In the activity we will train Elpis, an Automatic Speech Recognition system, with a “toy corpus” containing very few utterances. The toy corpus is used by the Elpis dev team when working on the software, and in introduction workshops. The small corpus is used to reduce data preparation and training times.
This activity requires “Docker” to be installed on your computer, which enables Elpis to be run on your computer. See the notes here about installing Docker.
With Docker running, follow the workshop steps.
Now, repeat the activity with TIMIT ASR dataset. This is a dataset that is commonly used in developing and testing speech recognition technologies.
Download training data (choose the one most likely to match your voice pattern). Women: https://bit.ly/3kZHUNf Men: https://bit.ly/2Q6vyVw
Prepare data by making a letter-to-sound file
https://cmusphinx.github.io/wiki/tutorialdict/
- Make a list of unique characters in the lexicon
- Assign a pronunciation symbol (let’s use SAMPA)

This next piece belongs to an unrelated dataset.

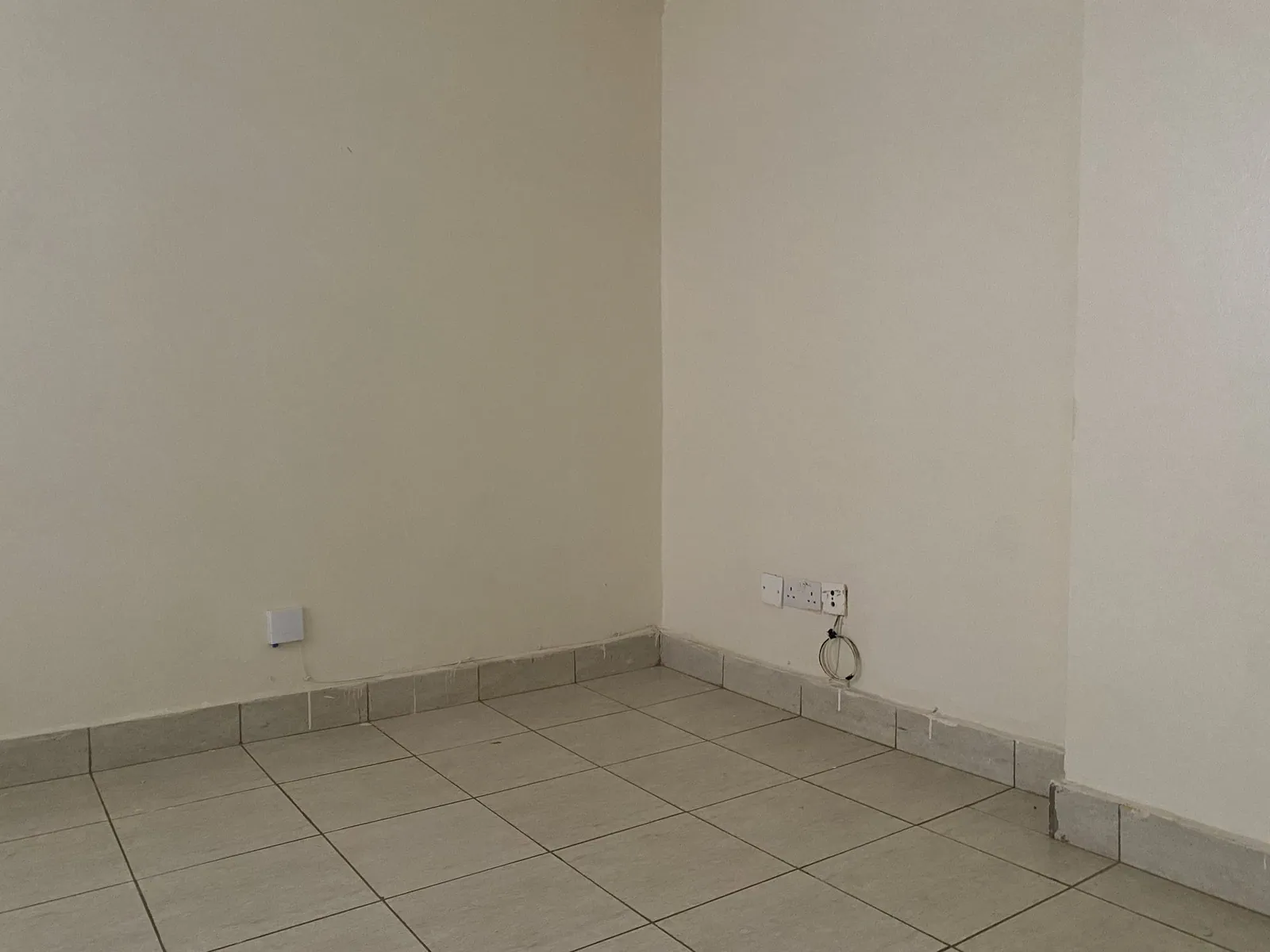 Modern. residential Interior Renovation & Makeover by Kloche Interiors at Mid-View Apartment Makeover, Thindigua, Kiambu — view 88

- Review the pronunciation lexicon when it is created. Could it be corrected?
Train Elpis using the dataset you downloaded, making a unigram model. Keep a record of the WER results.
Train Elpis again, this time with a trigram model. Keep a copy of the WER results.
Use Elpis to get an ASR transcription of your student number audio, using either the unigram or trigram model. Record yourself reciting your student number in WAV format. We recommend using Audacity.
Download the transcription in text format and add a second line containing your student number.